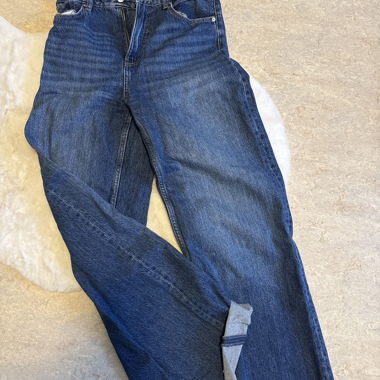 Jeans da donna blu scuro con orlo grezzo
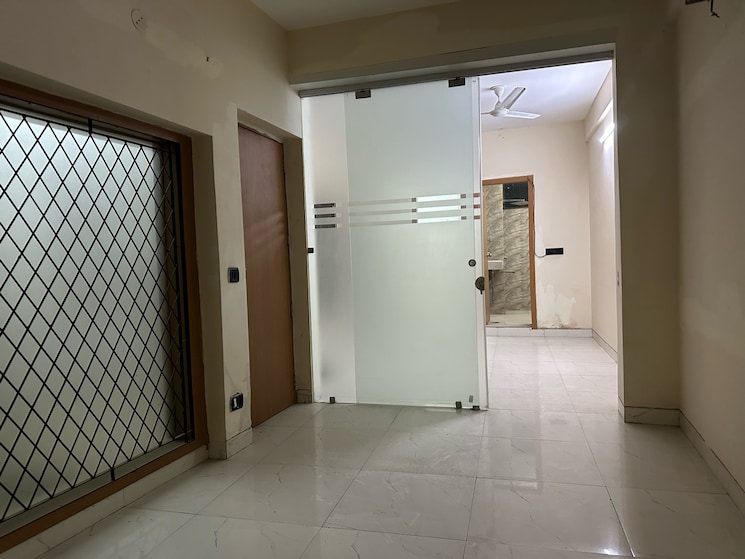 Team Area, hauz khas Commercial Office Space 1250 Sq.Ft. In Hauz Khas Delhi 8858459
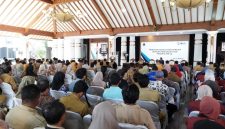 Kegiatan pemutakhiran DTKS dan DTSEN terkait penonaktifan peserta Penerima Bantuan Iuran Jaminan Kesehatan (PBI-JK). Senin (21/7/2025) sore.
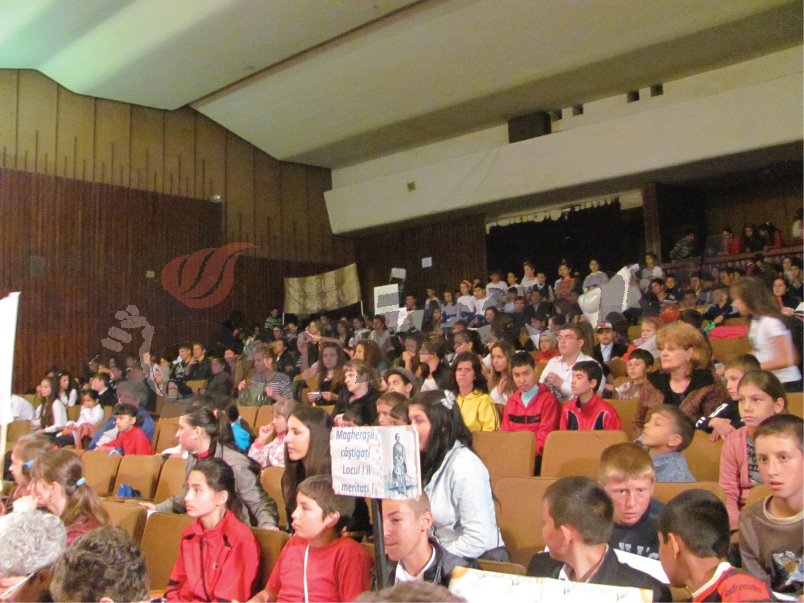 Şcoala Gimnazială Nr. 1 Dăneşti participă la „Picături de lumină”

- WHAT THIS TASK INVOLVES
Please reprint the whole listing exactly and omit its pictures.

- RESULT OF THE EXERCISE
 Jeans da donna blu scuro con orlo grezzo
 Team Area, hauz khas Commercial Office Space 1250 Sq.Ft. In Hauz Khas Delhi 8858459
 Kegiatan pemutakhiran DTKS dan DTSEN terkait penonaktifan peserta Penerima Bantuan Iuran Jaminan Kesehatan (PBI-JK). Senin (21/7/2025) sore.
 Şcoala Gimnazială Nr. 1 Dăneşti participă la „Picături de lumină”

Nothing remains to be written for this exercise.